Extract changes from data sources in real-time
DataCater's data source connectors support change data capture (CDC). After performing an initial full snapshot, they monitor data sources for change events (INSERTs, UPDATEs, and DELETES). Once change events have been detected, CDC connectors take care of extracting them and passing the change events to pipelines consuming the data source. CDC enables data pipelines to process changes from data sources in real-time and stream them to data sinks, keeping downstream applications and data systems always up-to-date.
From database systems over web APIs to object stores
While CDC has been traditionally applied to extracting data from database systems via replication logs, DataCater goes one step further and offers CDC connectors for most data systems.
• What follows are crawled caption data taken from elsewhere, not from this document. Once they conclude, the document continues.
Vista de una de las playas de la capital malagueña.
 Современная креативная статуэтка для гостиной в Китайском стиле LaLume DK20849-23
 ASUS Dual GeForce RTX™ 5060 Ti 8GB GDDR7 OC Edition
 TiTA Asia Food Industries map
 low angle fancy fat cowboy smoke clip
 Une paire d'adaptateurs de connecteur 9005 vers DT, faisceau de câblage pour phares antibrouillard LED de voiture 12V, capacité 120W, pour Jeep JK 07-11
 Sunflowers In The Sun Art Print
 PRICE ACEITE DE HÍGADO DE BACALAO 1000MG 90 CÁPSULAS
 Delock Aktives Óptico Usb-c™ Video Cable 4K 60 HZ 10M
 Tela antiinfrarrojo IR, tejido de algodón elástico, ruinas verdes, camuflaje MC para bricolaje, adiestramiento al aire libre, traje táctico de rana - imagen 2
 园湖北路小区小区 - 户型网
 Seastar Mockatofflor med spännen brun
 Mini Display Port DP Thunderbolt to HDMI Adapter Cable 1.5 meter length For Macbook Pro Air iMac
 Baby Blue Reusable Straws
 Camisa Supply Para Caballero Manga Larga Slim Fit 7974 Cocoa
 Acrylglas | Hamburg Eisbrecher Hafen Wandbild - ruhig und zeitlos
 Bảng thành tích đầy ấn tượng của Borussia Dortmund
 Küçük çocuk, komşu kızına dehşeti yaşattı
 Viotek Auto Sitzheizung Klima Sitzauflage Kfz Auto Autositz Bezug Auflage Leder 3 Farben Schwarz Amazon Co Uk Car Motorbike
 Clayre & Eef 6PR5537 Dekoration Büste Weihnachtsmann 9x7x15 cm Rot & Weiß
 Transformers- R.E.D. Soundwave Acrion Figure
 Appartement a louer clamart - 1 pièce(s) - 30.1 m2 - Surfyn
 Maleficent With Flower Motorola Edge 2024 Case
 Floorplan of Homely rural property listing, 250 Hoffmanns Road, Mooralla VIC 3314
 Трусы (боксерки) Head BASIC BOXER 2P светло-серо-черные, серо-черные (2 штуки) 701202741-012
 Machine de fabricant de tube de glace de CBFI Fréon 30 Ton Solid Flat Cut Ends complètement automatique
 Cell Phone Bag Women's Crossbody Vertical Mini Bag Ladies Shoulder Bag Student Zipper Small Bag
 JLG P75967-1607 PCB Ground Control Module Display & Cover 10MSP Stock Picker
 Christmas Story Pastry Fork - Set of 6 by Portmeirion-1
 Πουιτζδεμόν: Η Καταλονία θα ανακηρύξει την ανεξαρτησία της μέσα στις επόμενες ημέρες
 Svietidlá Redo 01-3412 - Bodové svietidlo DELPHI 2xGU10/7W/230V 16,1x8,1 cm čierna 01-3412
Our generic REST/HTTP source connector can extract data change events from almost any web API. Connectors for object stores, like AWS S3 or Google Cloud Storage, are able to detect changes in flat files, e.g., CSV or JSON, stored in buckets of interest.
Create historical changelogs without changing data sources
The data change events provided by CDC connectors can be applied to build historical changelogs of data source systems. Since they typically don't require introducing changes to the consumed data source system, change data capture resembles a great way to extend legacy applications with a historical changelog (or audit log).
Does DataCater support bulk loads, too?
Typically, change data capture connectors are much more efficient than bulk loads and help to reduce the load on data systems. There might be rare cases, where a full bulk load is the preferred data extraction technique. Most data source connectors of DataCater support - in addition, to change data capture - full bulk loads, too.